But now let us turn to the other case, in which the long-period supply price for the increased output fell so far that the demand price remained above it. In that case undertakers, looking forward to the life of a firm started in that trade, considering its chances of prosperity and decay, discounting its future outlays and its future incomings, would conclude that the latter showed a good balance over the former. Capital and labour would stream rapidly into the trade; and the production might perhaps be increased tenfold before the fall in the demand price became as great as the fall in the long-period supply price, and a position of stable equilibrium had been found.


For indeed, though in the account of the oscillations of demand and supply about a position of stable equilibrium, which was given in the third chapter, it was tacitly implied, as is commonly done, that there could be only one position of stable equilibrium in a market: yet in fact under certain conceivable, though rare, conditions there can be two or more positions of real equilibrium of demand and supply, any one of which is equally consistent with the general circumstances of the market, and any one of which if once reached would be stable, until some great disturbance occurred*78.


§ 3. It must however be admitted that this theory is out of touch with real conditions of life, in so far as it assumes that, if the normal production of a commodity increases and afterwards again diminishes to its old amount, the demand price and the supply price will return to their old positions for that amount*79.


Whether a commodity conforms to the law of diminishing or increasing return, the increase in consumption arising from a fall in price is gradual*80: and, further, habits which have once grown up around the use of a commodity while its price is low, are not quickly abandoned when its price rises again. If therefore after the supply has gradually increased, some of the sources from which it is derived should be closed, or any other cause should occur to make the commodity scarce, many consumers will be reluctant to depart from their wonted ways. For instance, the price of cotton during the American war was higher than it would have been if the previous low price had not brought cotton into common use to meet wants, many of which had been created by the low price. Thus then the list of demand prices which holds for the forward movement of the production of a commodity will seldom hold for the return movement, but will in general require to be raised*81.
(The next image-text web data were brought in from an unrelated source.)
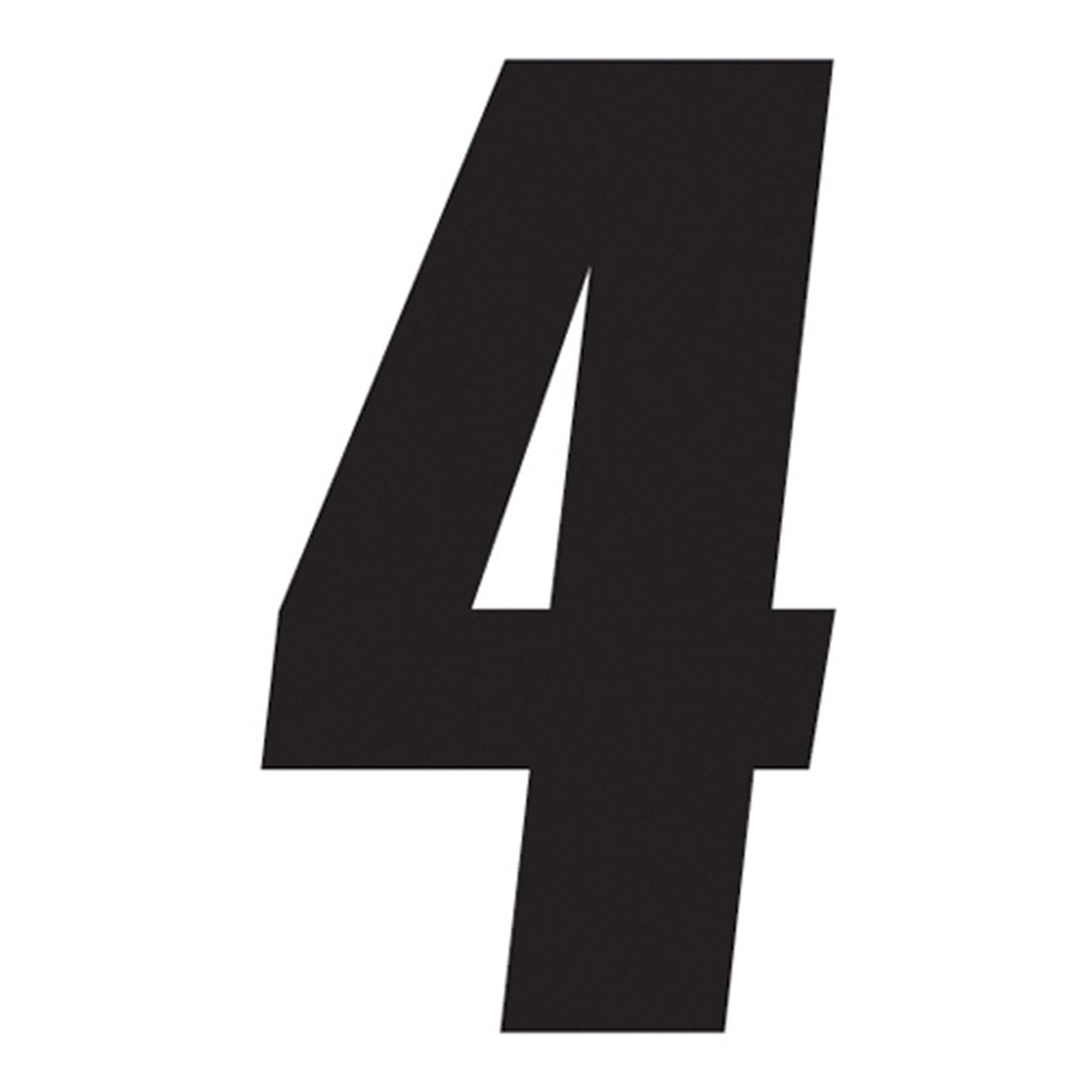 Factory Effex FX Factory Number 4 - Black - 7" 08-90084_559063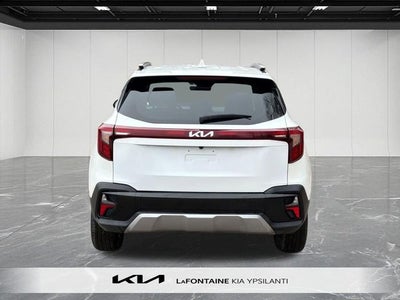 2025 Kia Seltos S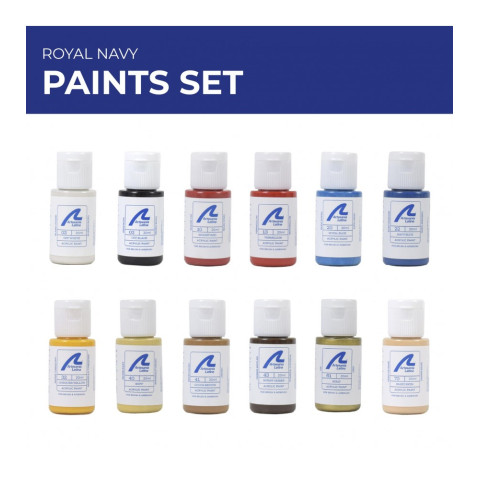 Verfset Rayal Navy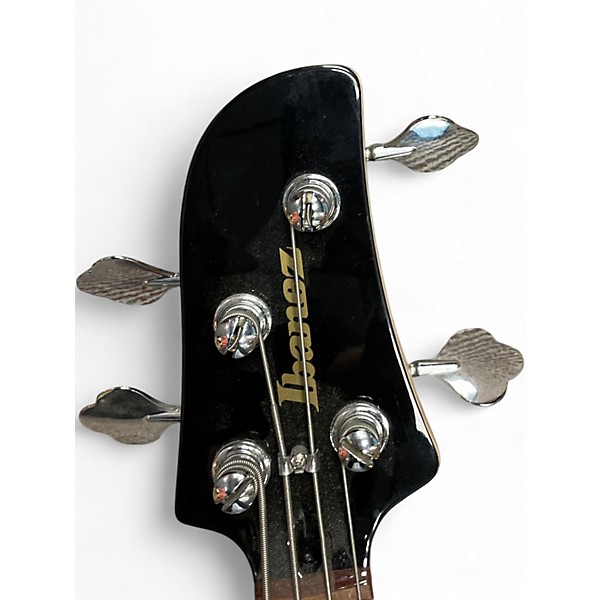 Used Ibanez TMB100 Classic White Electric Bass Guitar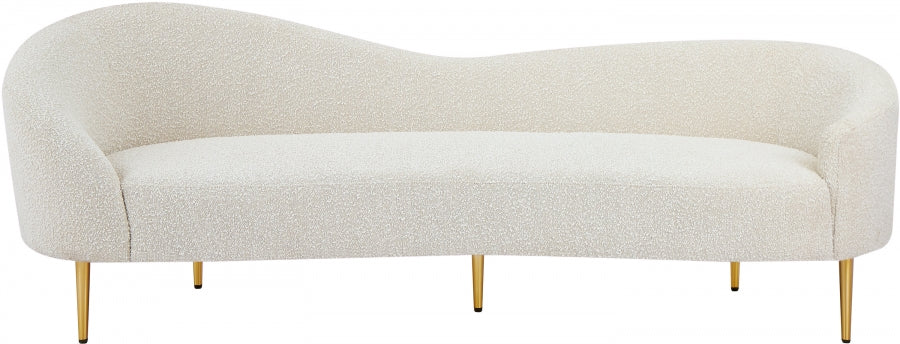 Ritz Boucle Fabric Sofa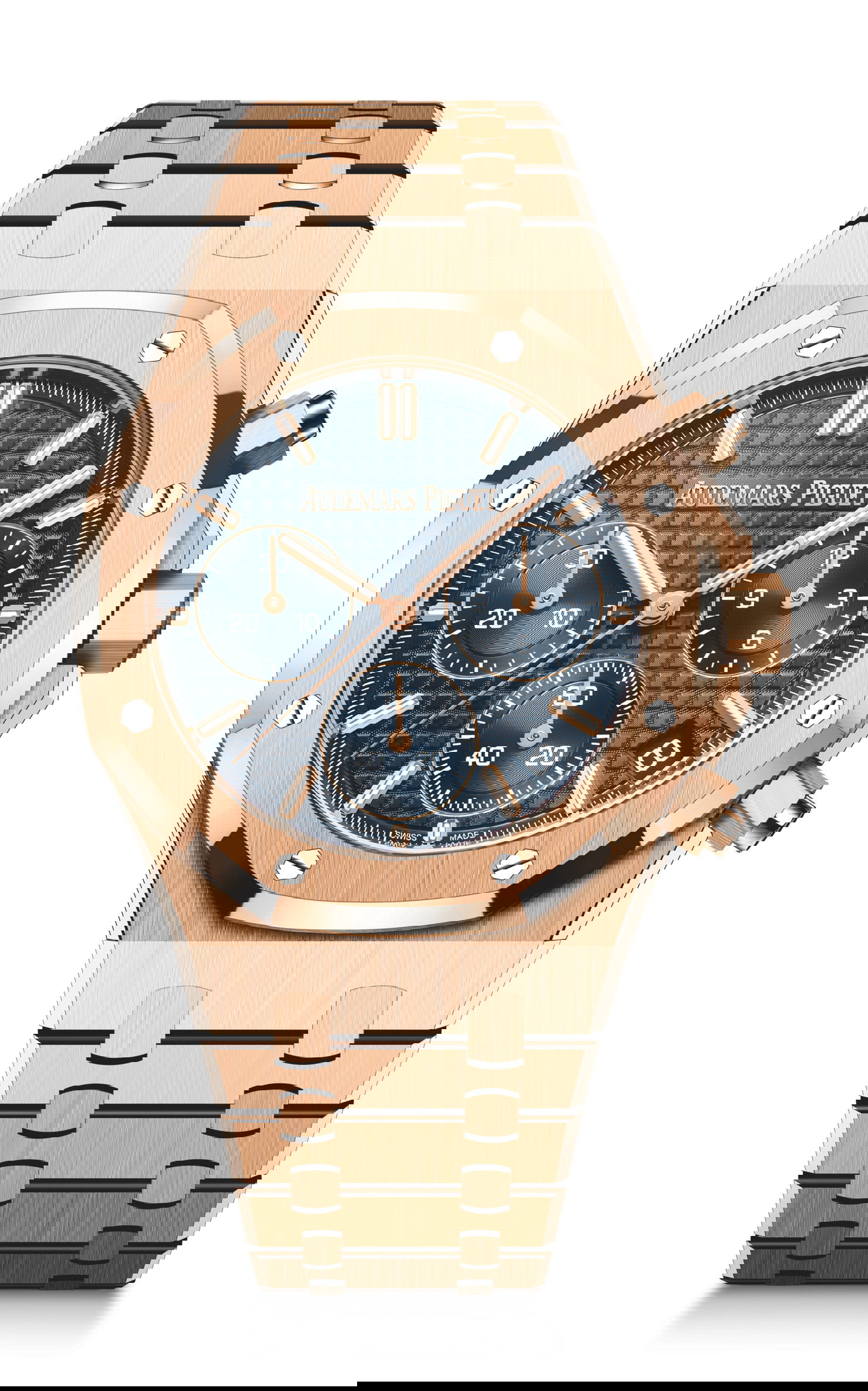 Audemars Piguet Royal Oak Selfwinding Chronograph luxury timepiece - detailed view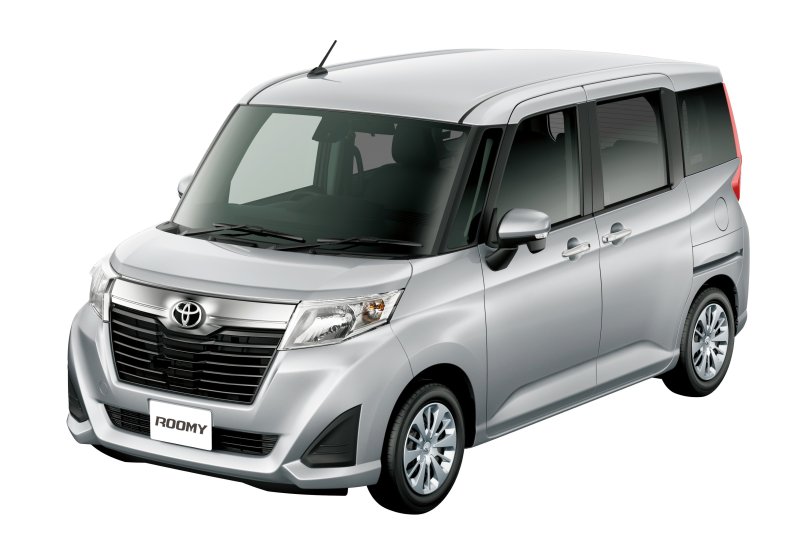 Toyota roomy 2015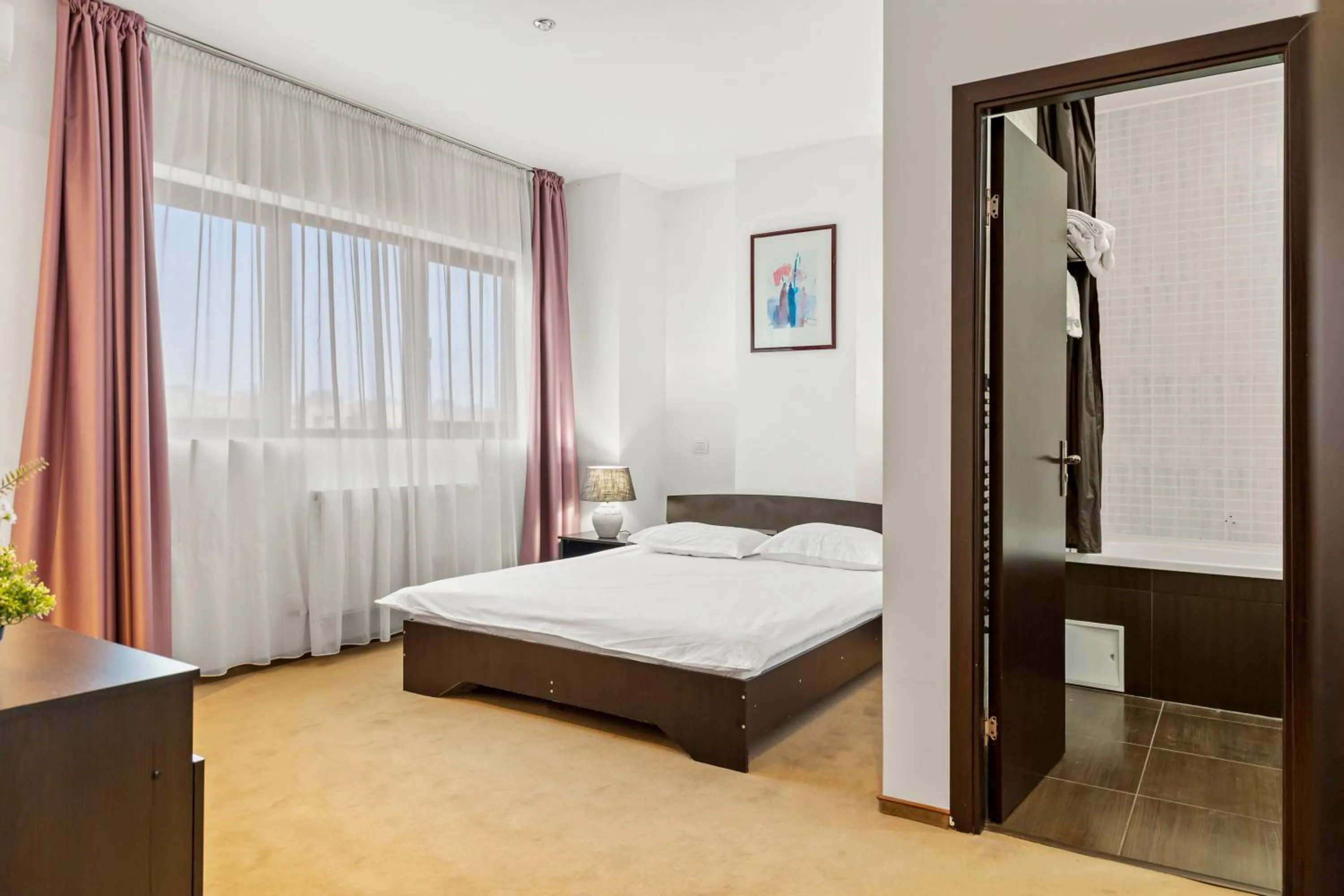 Bed in Uni88 Apart Hotel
Again, the list of supply prices may have fairly represented the actual fall in the supply price of the thing that takes place when the supply is being increased; but if the demand should fall off, or if for any other reason, the supply should have to be diminished, the supply price would not move back by the course by which it had come, but would take a lower course. The list of supply prices which had held for the forward movement would not hold for the backward movement, but would have to be replaced by a lower schedule. This is true whether the production of the commodity obeys the law of diminishing or increasing return; but it is of special importance in the latter case, because the fact that the production does obey this law, proves that its increase leads to great improvements in organization.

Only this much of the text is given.